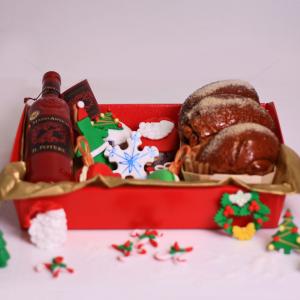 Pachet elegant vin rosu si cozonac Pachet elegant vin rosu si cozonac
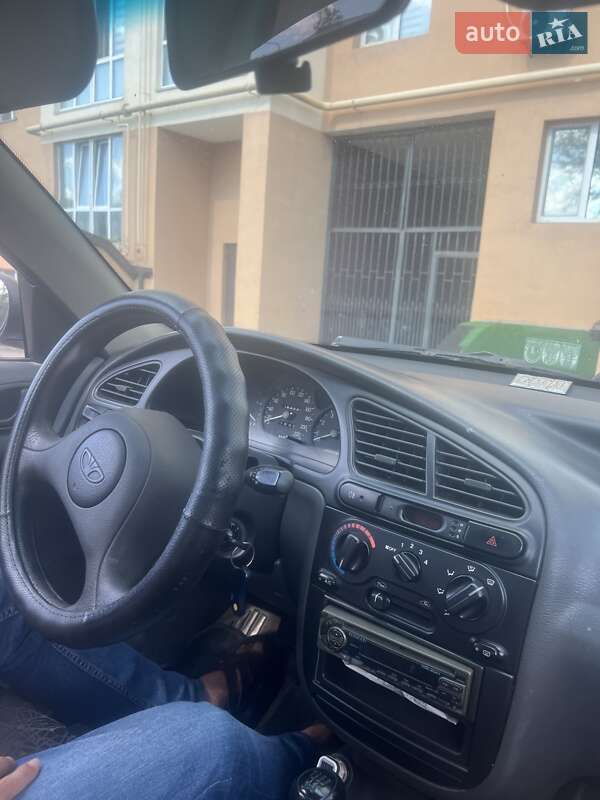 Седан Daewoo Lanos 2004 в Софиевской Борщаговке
§ §
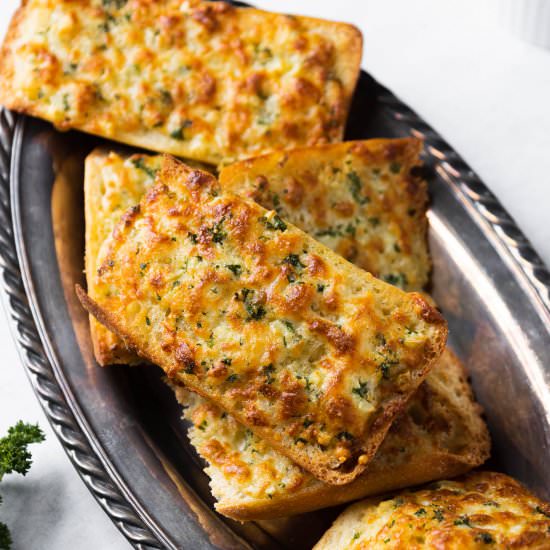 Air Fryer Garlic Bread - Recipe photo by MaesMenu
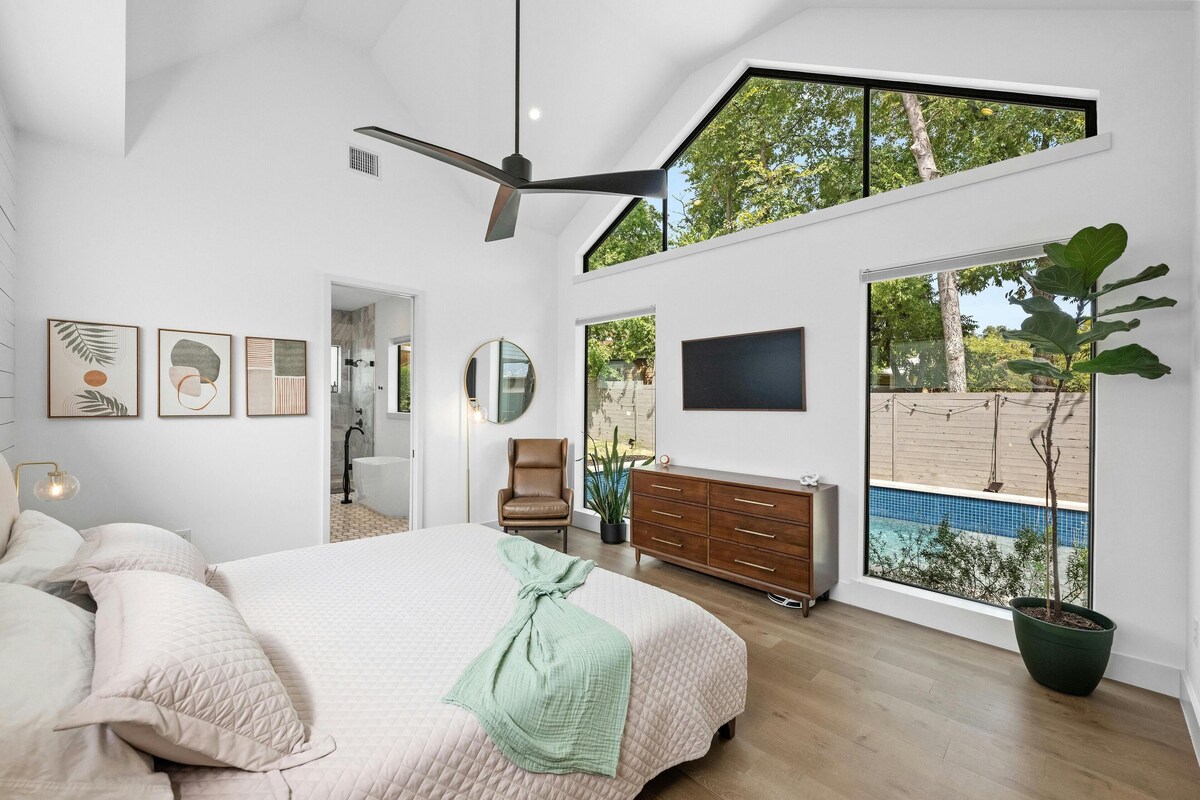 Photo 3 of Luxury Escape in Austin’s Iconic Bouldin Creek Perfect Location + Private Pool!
§ §
What the task asks: Each line above from the one containing "Pachet elegant vin rosu si cozonac Pachet" through the one containing "Седан Daewoo Lanos" is to be returned verbatim. Nothing else, and no pictures.

Answer to this problem:
 Pachet elegant vin rosu si cozonac Pachet elegant vin rosu si cozonac
 Седан Daewoo Lanos 2004 в Софиевской Борщаговке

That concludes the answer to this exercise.